Data items:
┏━━
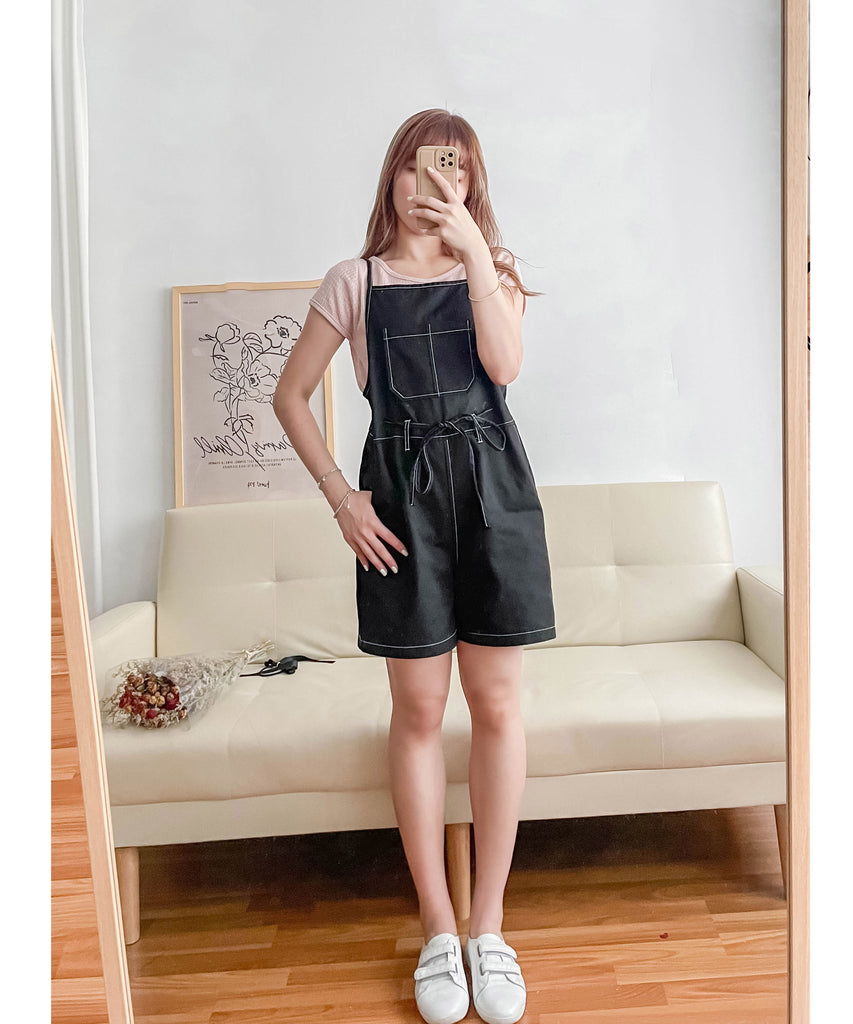 Jumpsuit 隨性車線可調帶子修腰連身褲, Jumpsuit/ DS9279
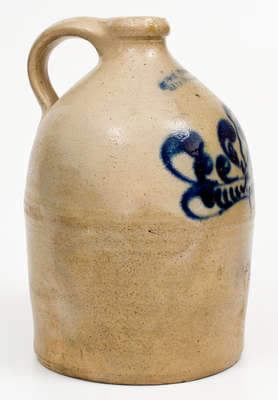 One-Gallon J. & E. NORTON / BENNINGTON, VT Stoneware Jug w/ Cobalt Foliate Decoration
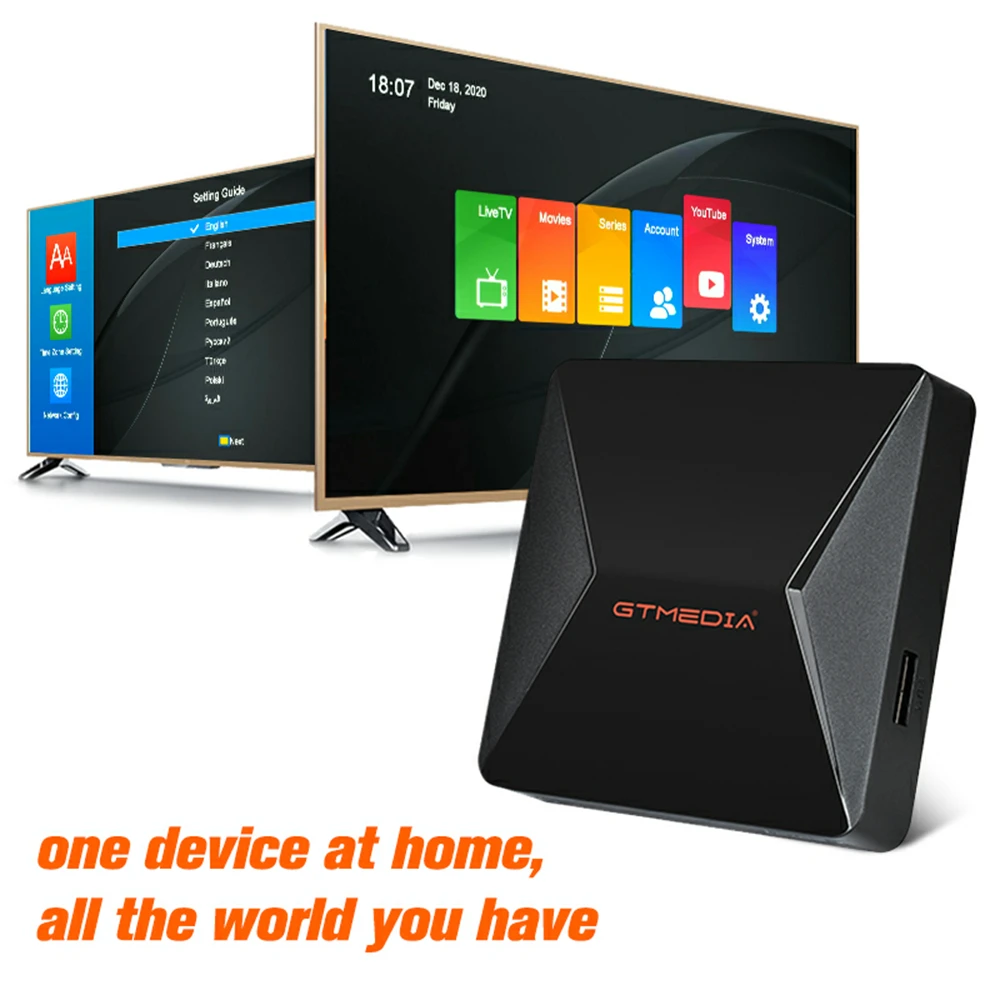GTMEDIA Ifire 2 M3U TV Box H.265 HEVC 10Bit 1080P Full HD مدمج 2.4G WIFI HDR Ethernet MPEG-4 Media Player STB Stock في إسبانيا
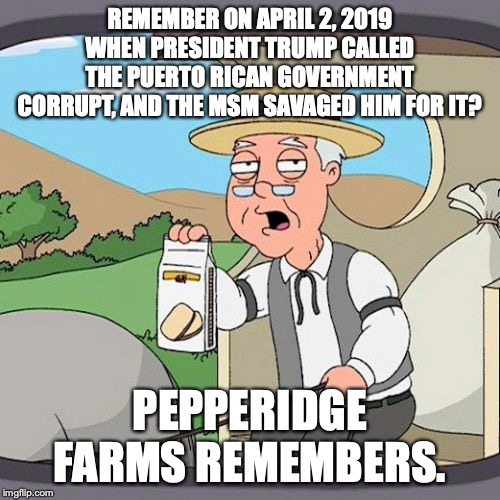 President Trump was right, and the entire MSM was wrong. What else is new? | REMEMBER ON APRIL 2, 2019 WHEN PRESIDENT TRUMP CALLED THE PUERTO RICAN GOVERNMENT CORRUPT, AND THE MSM SAVAGED HIM FOR IT? PEPPERIDGE FARMS REMEMBERS. | image tagged in 2019,president trump,puerto rico,corruption,msm | made w/ Imgflip meme maker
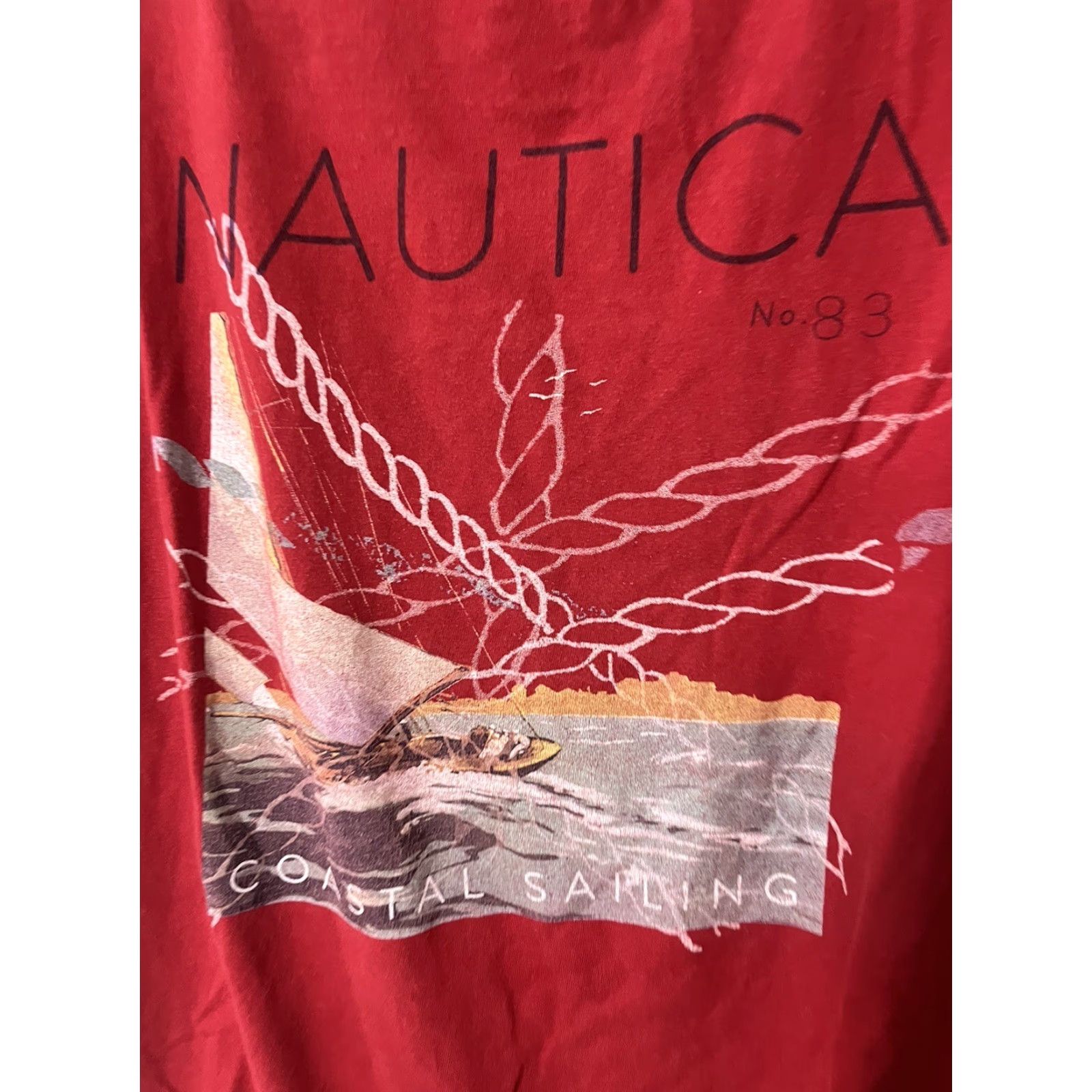 Nautica Nautica Coastal Sailing Club Red XL Men Graphic Tee Crew Neck Shirt Short Sleeve Size US XL / EU 56 / 4 - 3 Thumbnail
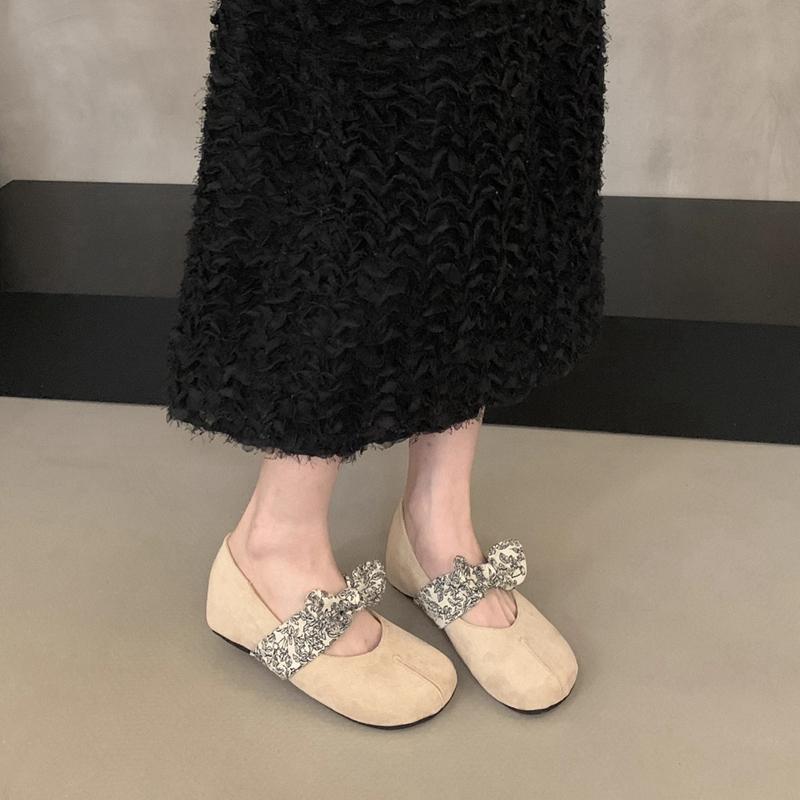 Fashion SUOJIALUN Autumn New Brand Women Flat Shoes Fashion Bow-knot Ladies Casual Dress Mary Jane Shoes Soft Flat Heel Single Shoes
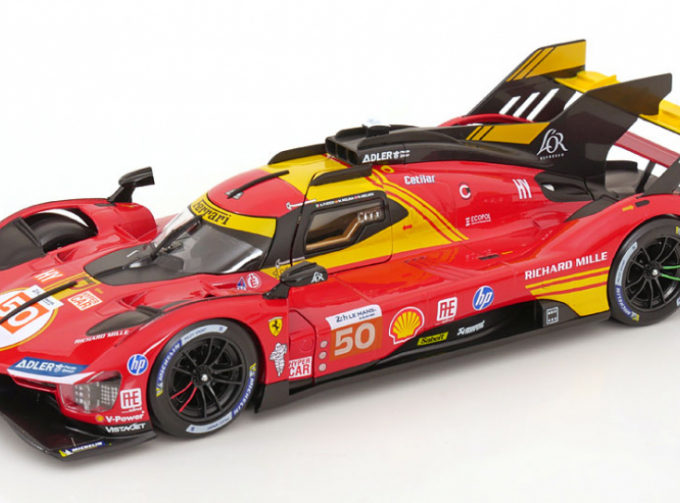 FERRARI 499p 3.0l Turbo V6 Team Ferrari Af Corse №50 Winner 24h Le Mans (2024) Antonio Fuoco - Miguel Molina - Nicklas Nielsen, Red
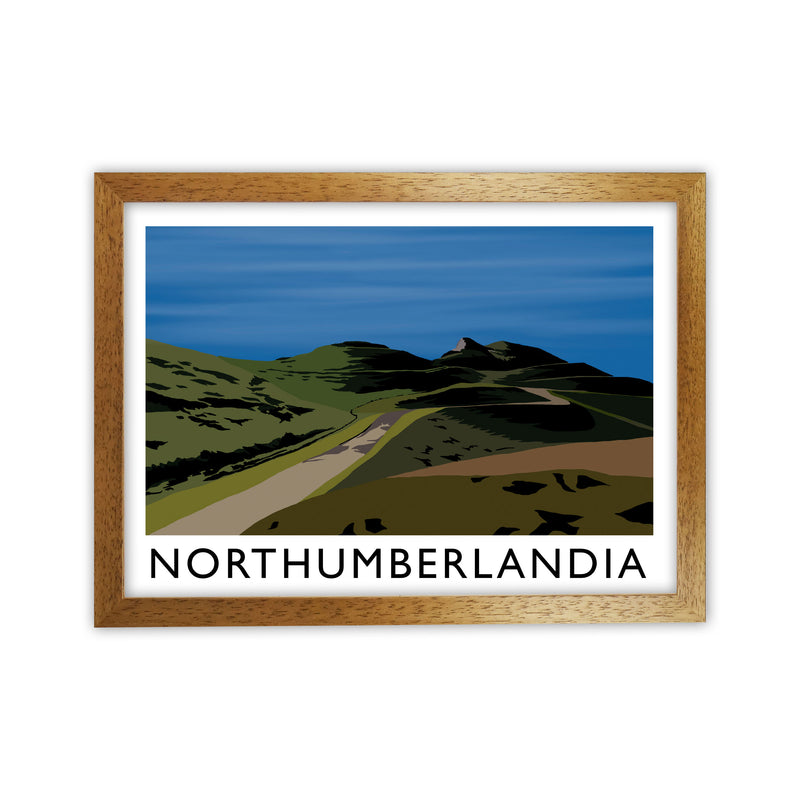 Northumberlandia Travel Art Print by Richard O'Neill, Framed Wall Art Oak Grain
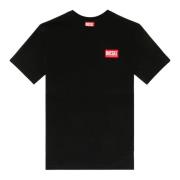 Diesel T-shirt med logopatch Black, Dam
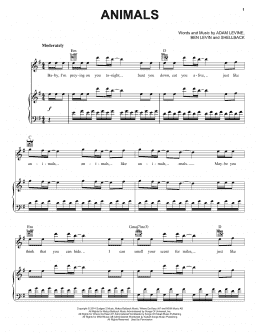 page one of Animals (Piano, Vocal & Guitar Chords (Right-Hand Melody))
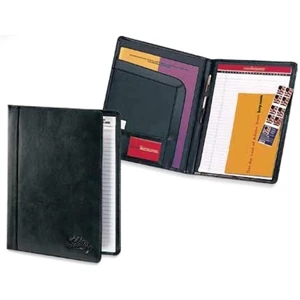 Concord - Black Cowhide Leather Padfolio With A Full Size Storage Pocket With Matching Trim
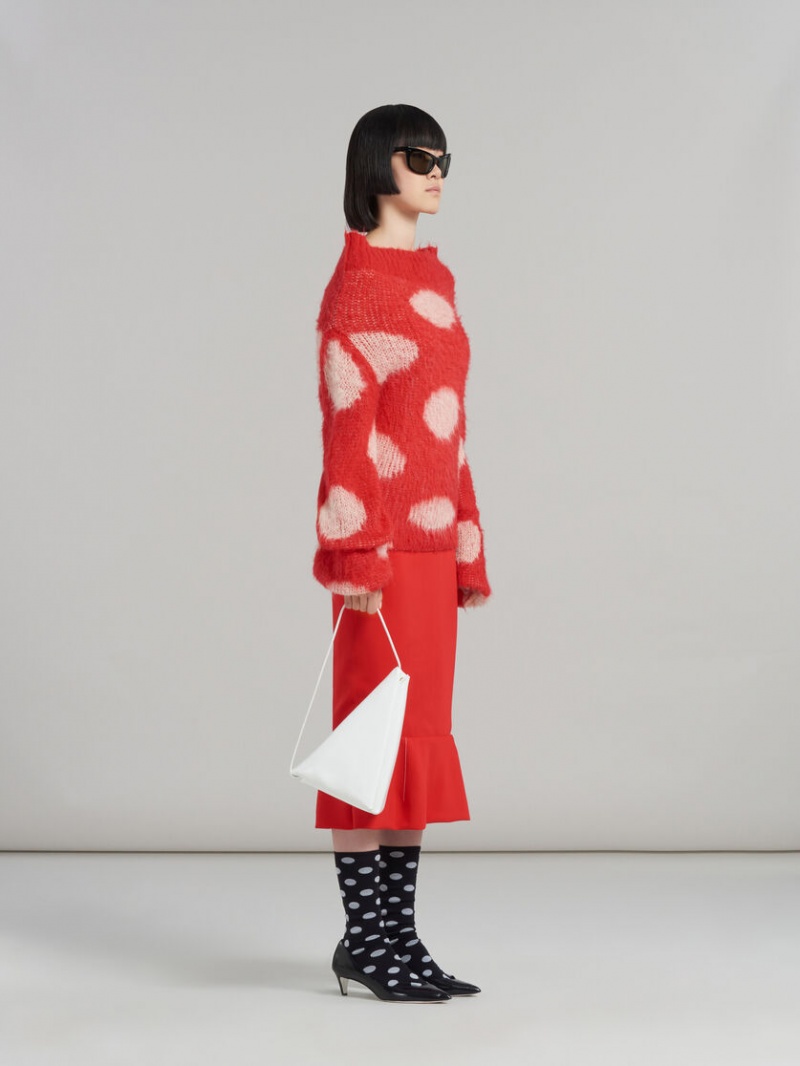 Marni Mohair Båt-neck Jumper With Polka Dots Röda | LSETR88669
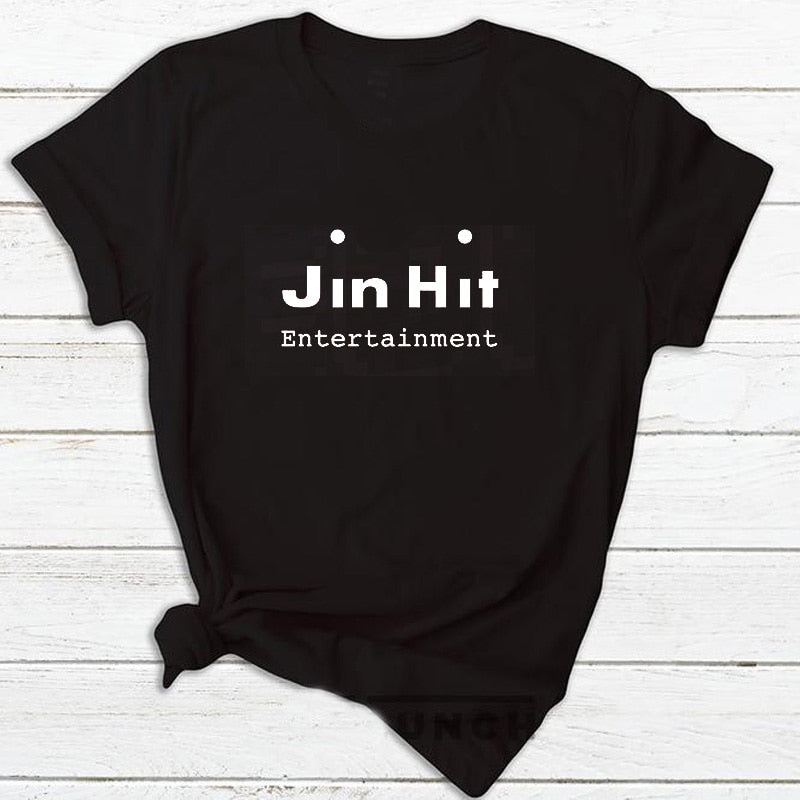 JinHit Entertainment Unisex Kpop T-Shirt Women Fashion Cotton Short Sleeve Tshirt Feminina Letter Printed Women's T-shirts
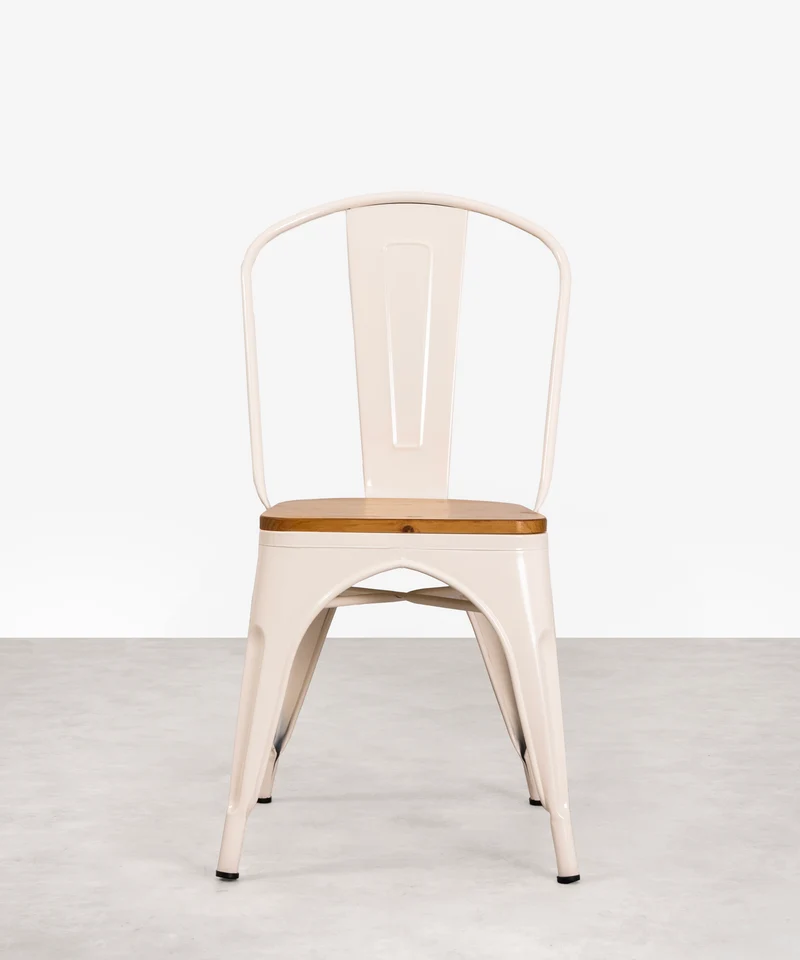 Silla de Comedor de Metal y Madera Tolik Wood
┗━━
What is expected: Please set down the lines from the one with "Diesel T-shirt med logopatch Black, Dam" to the end of the entries above, exactly as they are, and drop every picture.

Task solution:
 Diesel T-shirt med logopatch Black, Dam
 page one of Animals (Piano, Vocal & Guitar Chords (Right-Hand Melody))
 Concord - Black Cowhide Leather Padfolio With A Full Size Storage Pocket With Matching Trim
 Marni Mohair Båt-neck Jumper With Polka Dots Röda | LSETR88669
 JinHit Entertainment Unisex Kpop T-Shirt Women Fashion Cotton Short Sleeve Tshirt Feminina Letter Printed Women's T-shirts
 Silla de Comedor de Metal y Madera Tolik Wood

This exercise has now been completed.